Nun wünsche ich viel Spaß beim durchlesen und zocken.



Anmerkung: Ich bitte euch, solltet Ihr Fehler finden diese mir per PM zu schreiben. So bleibt hier alles übersichtlich. 




Einleitung

RIFT ist ein so genanntes MMORPG oder auch Massively Multiplayer Online Role-Playing Game.

Typischerweise für dieses Gerne spielt Ihr auf einem Server eurer Wahl mit Hunderten wenn nicht sogar Tausenden anderen Spielern in einer virtuellen Welt.

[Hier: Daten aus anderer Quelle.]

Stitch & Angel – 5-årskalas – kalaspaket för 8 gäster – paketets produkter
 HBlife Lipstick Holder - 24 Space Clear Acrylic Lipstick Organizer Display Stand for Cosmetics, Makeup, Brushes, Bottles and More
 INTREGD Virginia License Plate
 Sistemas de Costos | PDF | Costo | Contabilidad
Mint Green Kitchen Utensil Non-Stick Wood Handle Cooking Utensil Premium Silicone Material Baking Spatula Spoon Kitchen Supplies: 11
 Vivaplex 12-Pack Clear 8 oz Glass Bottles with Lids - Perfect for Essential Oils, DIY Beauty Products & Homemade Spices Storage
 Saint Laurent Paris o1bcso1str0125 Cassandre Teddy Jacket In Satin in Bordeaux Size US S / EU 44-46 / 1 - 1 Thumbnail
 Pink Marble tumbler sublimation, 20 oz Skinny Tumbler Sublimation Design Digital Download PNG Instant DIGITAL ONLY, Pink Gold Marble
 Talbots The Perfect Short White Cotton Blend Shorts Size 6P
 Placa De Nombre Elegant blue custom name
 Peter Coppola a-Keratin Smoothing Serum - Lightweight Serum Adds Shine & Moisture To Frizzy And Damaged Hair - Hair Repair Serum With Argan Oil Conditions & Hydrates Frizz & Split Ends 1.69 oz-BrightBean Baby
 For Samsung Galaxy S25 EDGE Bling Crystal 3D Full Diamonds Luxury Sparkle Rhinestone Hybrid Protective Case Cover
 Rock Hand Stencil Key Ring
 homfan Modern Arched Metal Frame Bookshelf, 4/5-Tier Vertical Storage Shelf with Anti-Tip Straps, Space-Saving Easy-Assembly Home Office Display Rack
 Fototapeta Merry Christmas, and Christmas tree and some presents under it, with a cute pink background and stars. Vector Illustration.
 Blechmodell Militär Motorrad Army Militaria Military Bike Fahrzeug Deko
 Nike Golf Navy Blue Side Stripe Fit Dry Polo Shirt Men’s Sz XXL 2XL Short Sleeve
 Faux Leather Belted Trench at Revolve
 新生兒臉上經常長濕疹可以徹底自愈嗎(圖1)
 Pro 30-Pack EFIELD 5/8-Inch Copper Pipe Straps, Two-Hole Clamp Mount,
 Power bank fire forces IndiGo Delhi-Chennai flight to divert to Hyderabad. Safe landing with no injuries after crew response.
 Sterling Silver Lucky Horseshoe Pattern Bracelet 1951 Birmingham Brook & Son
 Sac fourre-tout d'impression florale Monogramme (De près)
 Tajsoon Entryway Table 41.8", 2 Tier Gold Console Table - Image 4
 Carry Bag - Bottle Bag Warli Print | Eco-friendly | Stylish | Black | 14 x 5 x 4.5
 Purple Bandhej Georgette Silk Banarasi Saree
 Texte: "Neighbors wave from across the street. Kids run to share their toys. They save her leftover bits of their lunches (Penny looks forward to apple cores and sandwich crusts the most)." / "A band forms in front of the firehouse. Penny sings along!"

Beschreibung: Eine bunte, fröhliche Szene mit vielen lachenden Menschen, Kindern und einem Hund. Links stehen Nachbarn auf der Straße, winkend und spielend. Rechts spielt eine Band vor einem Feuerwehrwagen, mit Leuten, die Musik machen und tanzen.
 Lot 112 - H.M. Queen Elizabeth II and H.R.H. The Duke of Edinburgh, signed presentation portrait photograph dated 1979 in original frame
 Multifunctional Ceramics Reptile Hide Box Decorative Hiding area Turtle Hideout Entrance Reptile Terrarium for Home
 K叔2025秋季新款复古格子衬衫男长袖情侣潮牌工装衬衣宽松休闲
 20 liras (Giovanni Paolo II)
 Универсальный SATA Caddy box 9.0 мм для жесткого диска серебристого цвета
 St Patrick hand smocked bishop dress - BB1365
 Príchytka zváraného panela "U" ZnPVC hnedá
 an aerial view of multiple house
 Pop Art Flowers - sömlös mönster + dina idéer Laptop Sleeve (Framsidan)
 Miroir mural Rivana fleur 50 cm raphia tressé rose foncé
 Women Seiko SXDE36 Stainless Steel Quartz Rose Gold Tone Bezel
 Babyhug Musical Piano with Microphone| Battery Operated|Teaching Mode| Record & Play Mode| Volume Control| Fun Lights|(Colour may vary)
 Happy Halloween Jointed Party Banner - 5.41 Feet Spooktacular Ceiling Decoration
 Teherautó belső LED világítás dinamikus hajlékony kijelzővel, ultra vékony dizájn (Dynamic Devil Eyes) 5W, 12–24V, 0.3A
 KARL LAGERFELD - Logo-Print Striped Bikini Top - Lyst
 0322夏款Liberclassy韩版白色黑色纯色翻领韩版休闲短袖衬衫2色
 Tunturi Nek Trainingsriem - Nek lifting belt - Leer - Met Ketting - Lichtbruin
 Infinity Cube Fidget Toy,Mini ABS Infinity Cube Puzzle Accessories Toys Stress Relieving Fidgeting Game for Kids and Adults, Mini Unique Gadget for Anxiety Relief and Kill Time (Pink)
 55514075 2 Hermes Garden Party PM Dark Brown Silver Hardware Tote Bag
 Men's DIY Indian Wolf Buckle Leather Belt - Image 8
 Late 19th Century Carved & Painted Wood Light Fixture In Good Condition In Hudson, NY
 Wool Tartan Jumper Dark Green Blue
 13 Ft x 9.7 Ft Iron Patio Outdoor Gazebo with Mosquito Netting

Das maximale Level ist Stufe 50. 

Obwohl RIFT alle klassischen Elemente eines MMORPG´s beinhaltet, bietet es viele innovative Features welche es dem Spiel helfen sich deutlich von der grauen Masse ab zu setzen. Im folgenden findet Ihr eine kleine Auflistung einiger dieser besonderen Features (Erläuterungen folgen)

Eine dynamisch aufgebaute Welt
"Risse" und dynamische Events wie Gebiets- oder Weltsinvasionen durch NPC´s ( non-player character ) 
Ein vollkommen Dynamisches Klassen- und Skillsystem
Chroniken und Sofort-Abenteuer
Herausragende "Raid-Instanzen" 
Ihr könnte in RIFT einen anderen Spieler heiraten
Und noch vieles vieles mehr



1.) Die Auswahl des Servers


Bevor es los geht steht Ihr vor der Wahl des Servers. Ihr werdet feststellen, dass es 3 Arten von Servern gibt. Diese sind: 

[PvE] Diese Abkürzung steht für Player versus Environment, übersetzt also etwa Spieler gegen Umwelt.
Hier steht vor allem der so genannte "RAID-Content" im Vordergrund, also das erbeuten der best möglichen Items, durch
das töten von sehr starken "Bossen" oder auch Kreaturen/Drachen. PvP und RP wird in den meisten Fällen
nur nebenbei betrieben. 

[PvP] PvP steht für Player versus Player, auf Deutsch Spieler gegen Spieler. PvP bedeutet also, dass Ihr gegen
einen oder mehrere Spieler antretet, typischerweise in einem Kampf. Meistens gibt es auf einem PvP Server 
besondere Regeln, dies ist jedoch abhängig vom Spiel.Im Fall von RIFT gibt es 3 Arten von PvP welche
nun kurz aufgelistet werden. 

Open PvP: Open PvP ist die natürlichste Form von PvP und findet meist in der ganz “normalen” Welt statt.
Hier greifen sich z.B. Spieler an, die sich zufällig über den Weg laufen, oder ganze Gruppen organisieren
einen Angriff auf eine Stadt der gegnerischen Fraktion.

Duell: Anders als im Open PvP kannst du hier nicht einfach einen Spieler angreifen. Du musst ihn zunächst 
zum Duell herausfordern. Nimmt er die Herausforderung nicht an, kannst du nicht gegen ihn kämpfen.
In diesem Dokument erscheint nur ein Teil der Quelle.